40 Congressmen: Keep Ban of Movie Futures Trading

Bipartisan group wants ban kept in reconciled financial reform package

Forty Congressmen are calling on leaders of the House Agriculture Committee to keep a ban on movie box office futures trading in the final version of the financial reform measure to emerge from Congress.

In a letter sent Wednesday to House Agriculture Committee chairman Collin Peterson, D-Minn., and to Rep. Frank Lucas, R-Okla., the ranking Republican on the committee, the bipartisan group suggested “the opportunities for abuse and manipulation” of box office futures numbers are enormous.

Peterson and Lucas have been appointed by House leaders to resolve differences in the legislation.

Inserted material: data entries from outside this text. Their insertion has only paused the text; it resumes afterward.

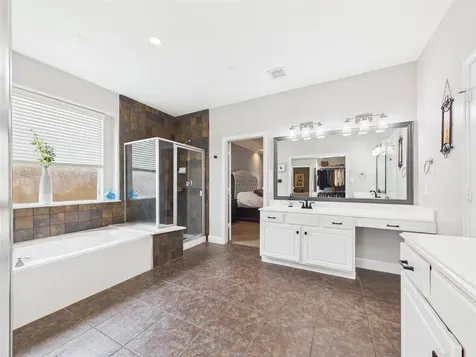 1504 Hickory Bend Court Pearland TX 77581
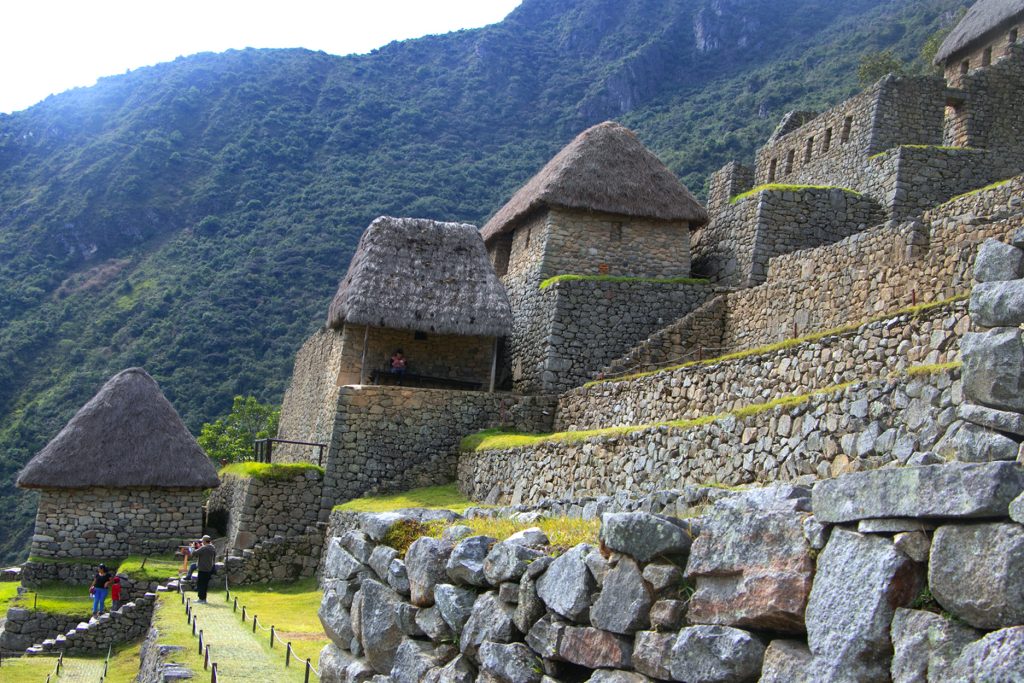 Fotografia en paralelo de las Qolqas Orientales en Machu Picchu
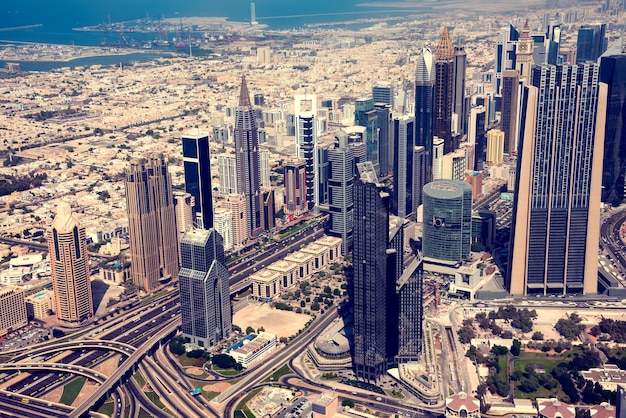 Horizonte de Dubái en la ciudad moderna al atardecer con rascacielos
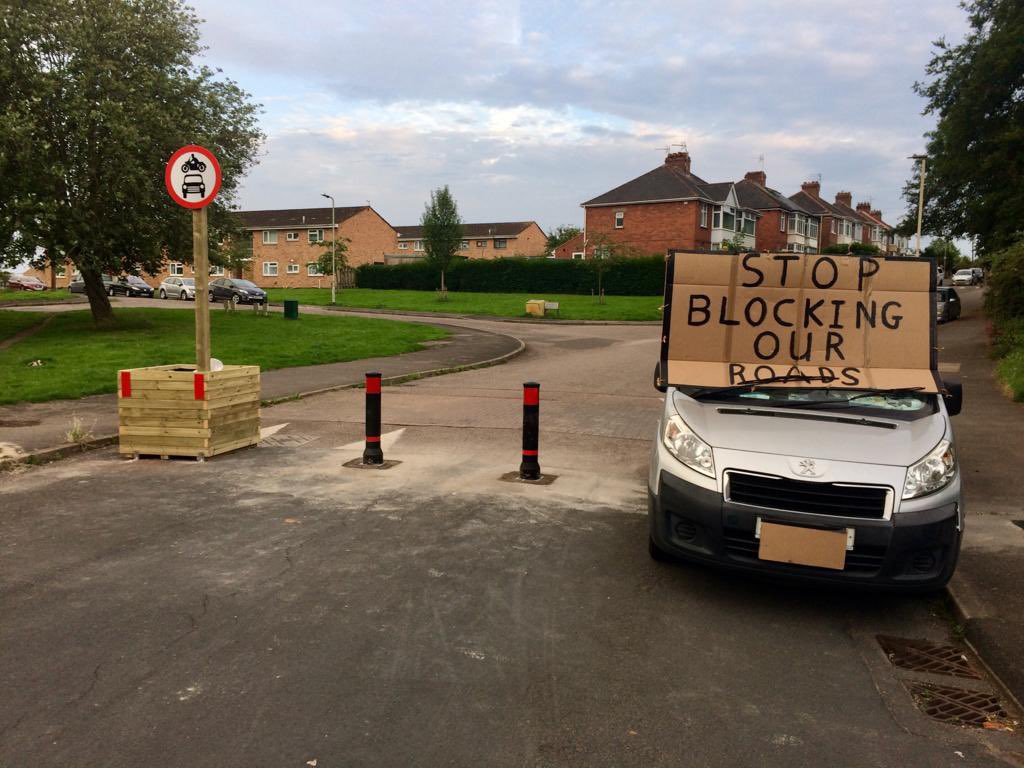 ABridgen's tweet image. Despite residents objections , Devon Country Council has started creating Low Traffic Neighbourhoods. 

No one voted for this. Please support the people of Exeter as it will be us next.

Please share 🙏

@thereclaimparty | @LozzaFox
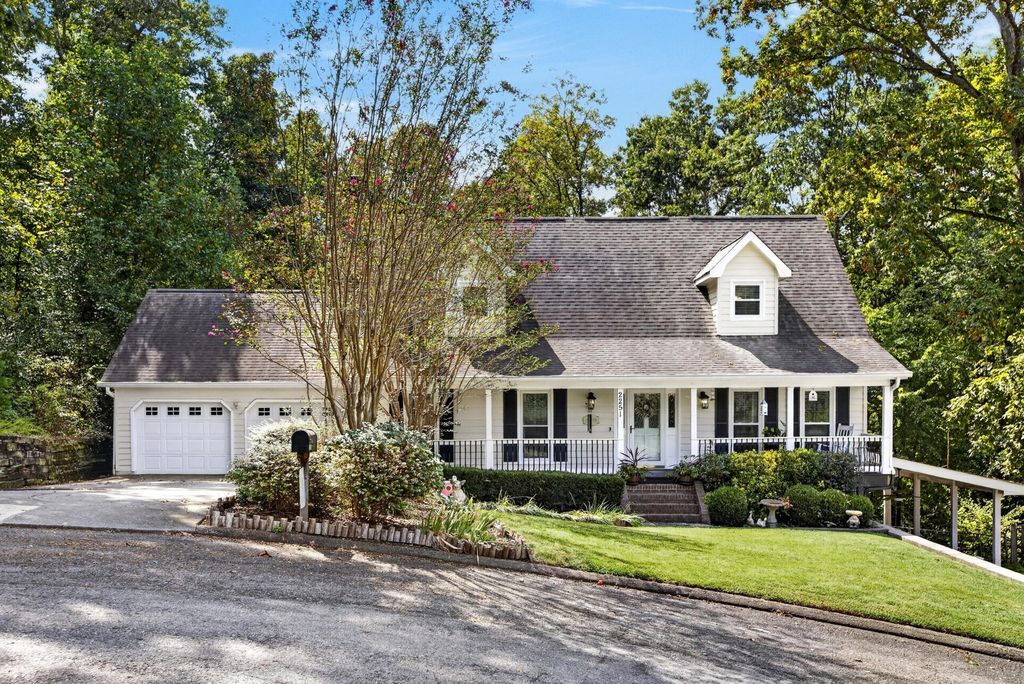 2251 Laurel Hills Drive Nw, Cleveland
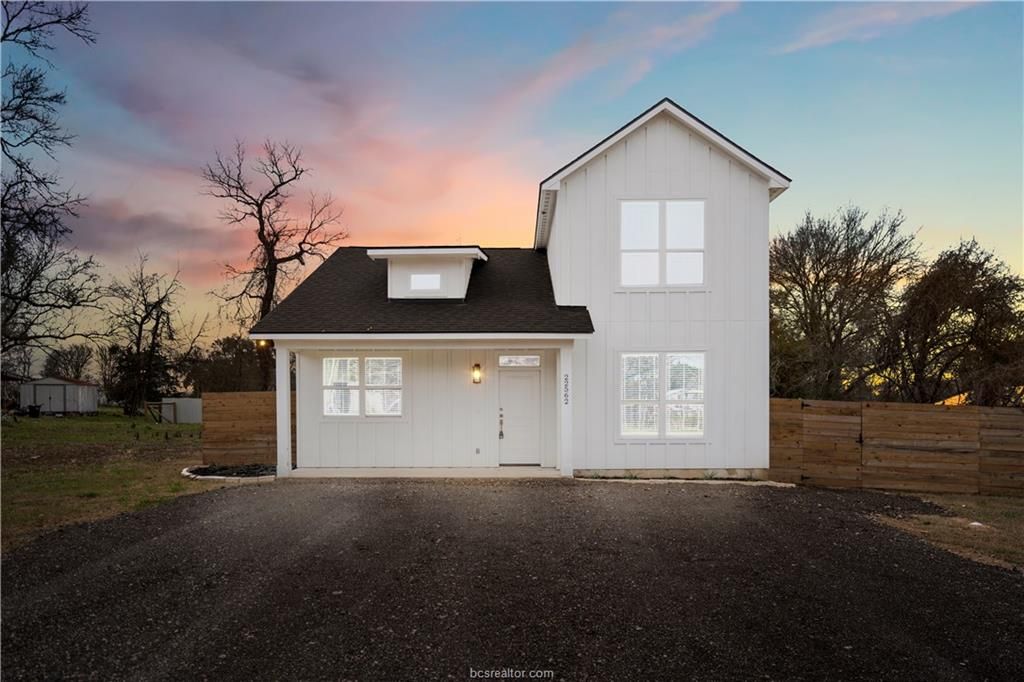 Photo of 22562 Buchanan Street, Navasota, TX 77868 (MLS # 26002191)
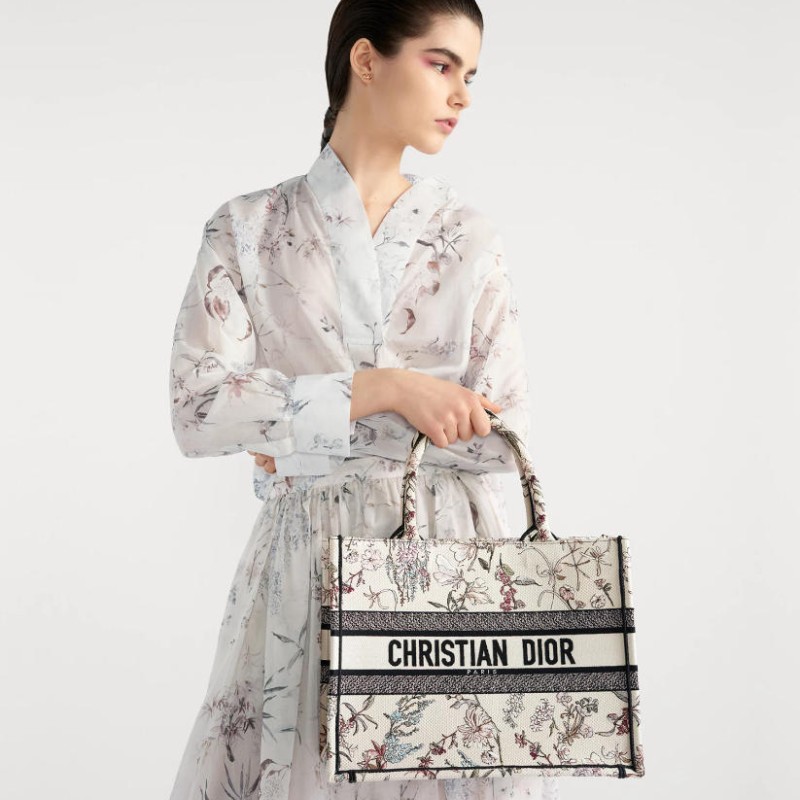 中号 Book Tote 手袋 中号 Book Tote 手袋
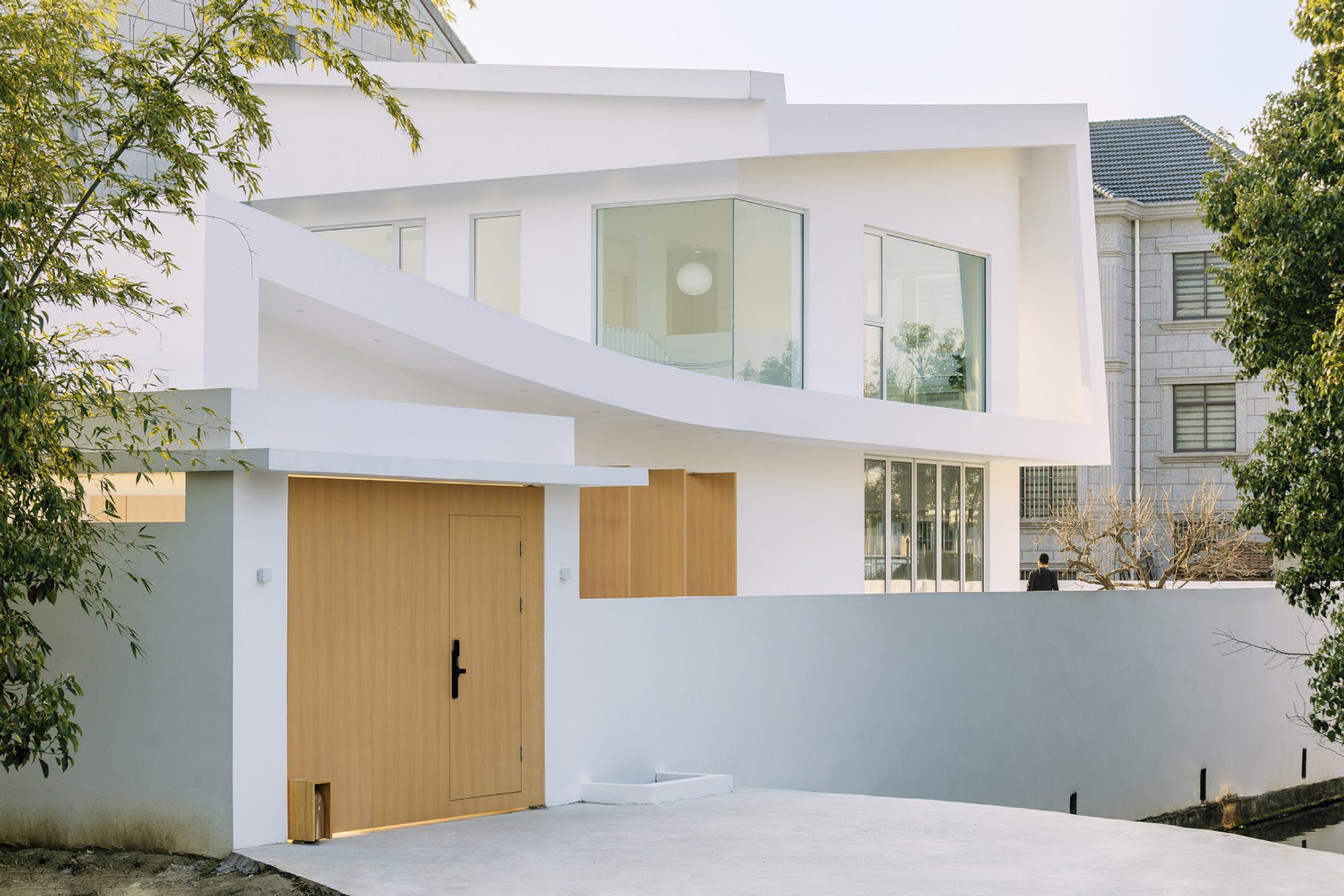 Qhouse by Yuanxiuwan Architect & Associates: A Contemporary Courtyard House in Shanghai’s Rural-Urban Threshold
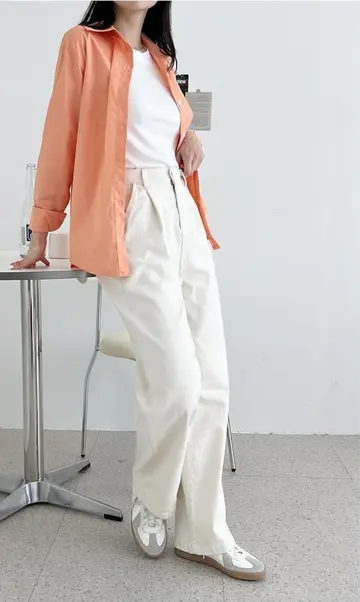 카멜·화이트 톤 오버핏 배기팬츠와 셔츠 전신 코디 사진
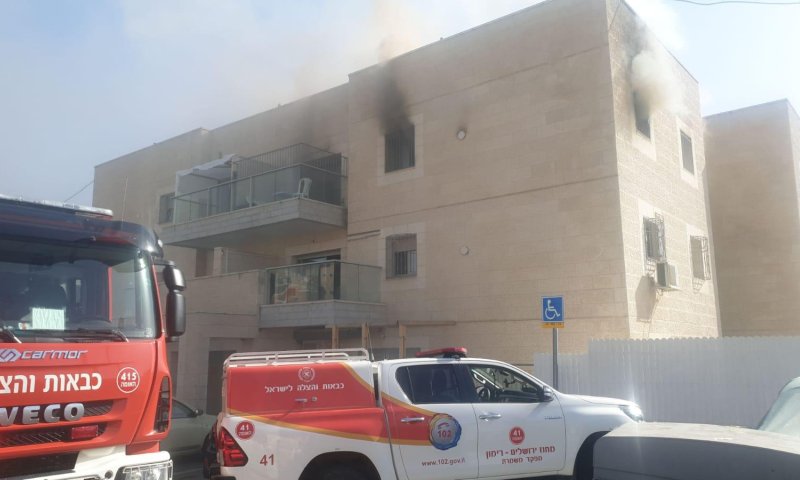 שריפה בבניין בירושלים: הוסר החשש ללכודים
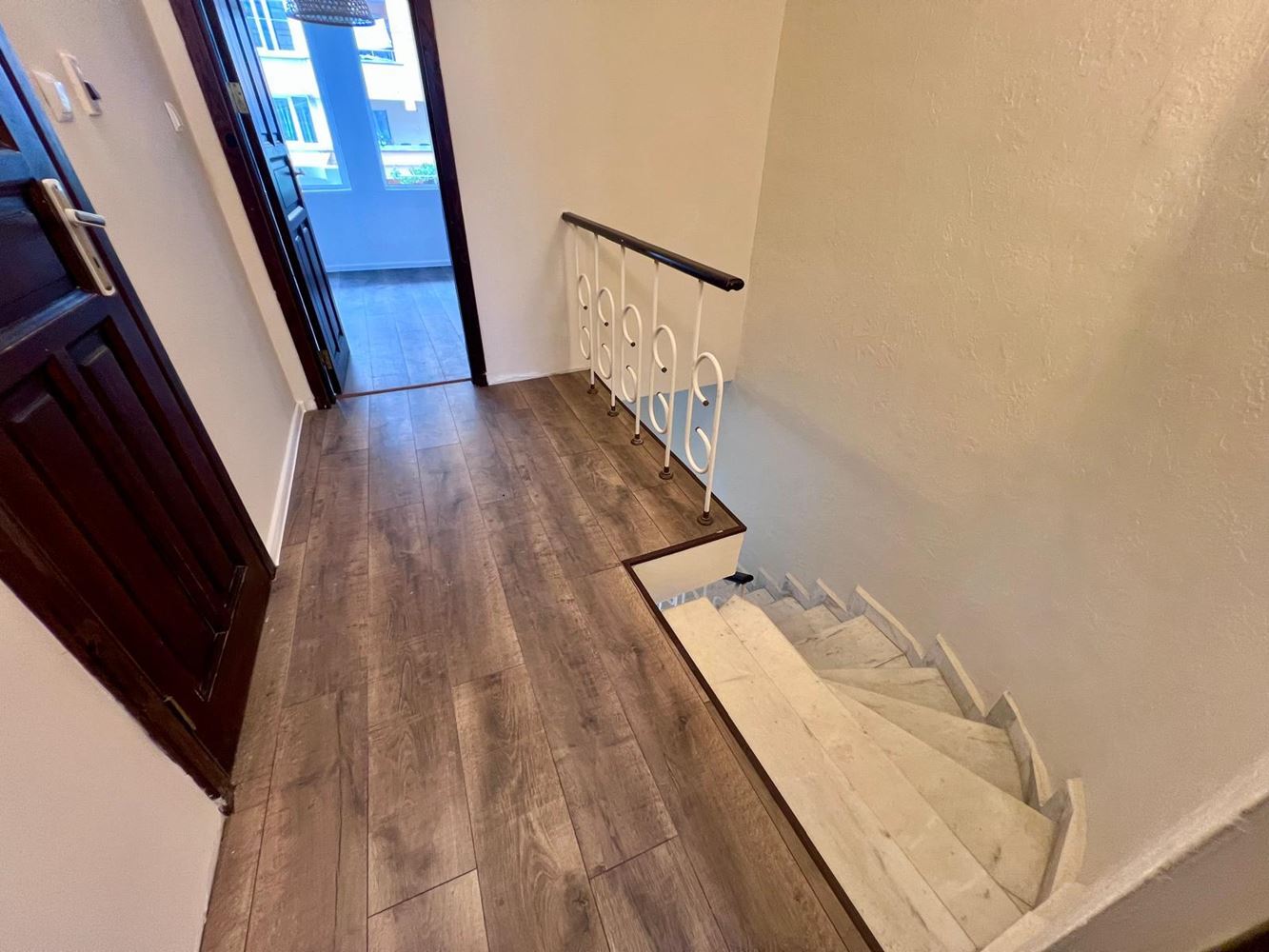 First-line sea property in Ravda – two-bedroom maisonette with sea view and private parking space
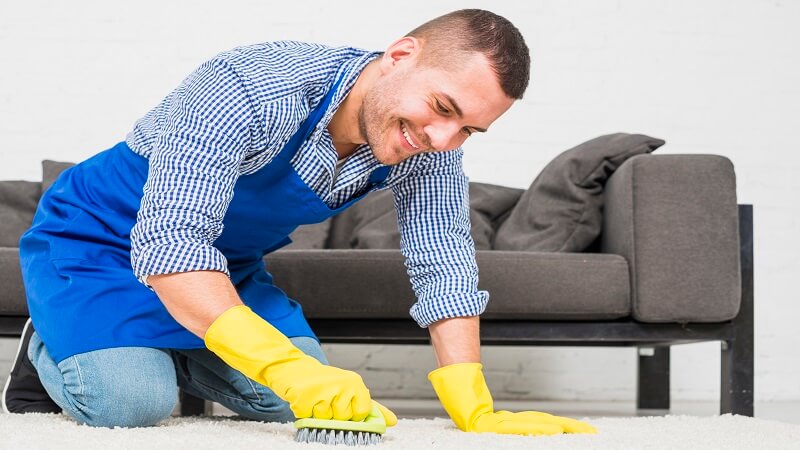 When Should You Hire A Carpet Cleaner?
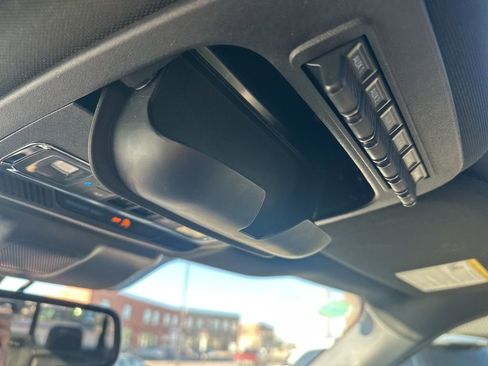 Used 2023 Ford F150 Raptor w/ Raptor Carbon Fiber Package image 27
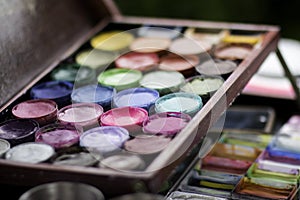 Facepaint pallette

The congressmen also said they are unaware of any entities seeking to use the futures to hedge the risks of moviemaking — though the Commodity Futures Trading Commission has heard testimony and received letters from several movie investment officials saying they would use the futures trading vehicles to hedge risks.

We “believe that the intended functions of these new exchanges are for purposes other than those for which legitimate futures markets exist,” the letter said.

The letter comes as the Senate and House begin to reconcile different versions of far-reaching financial reform legislation. The version the Senate passed last month bars the CFTC from approving new applications to trade movie box office futures, instigated by the agriculture committee.

The House version, approved last December, has no similar language.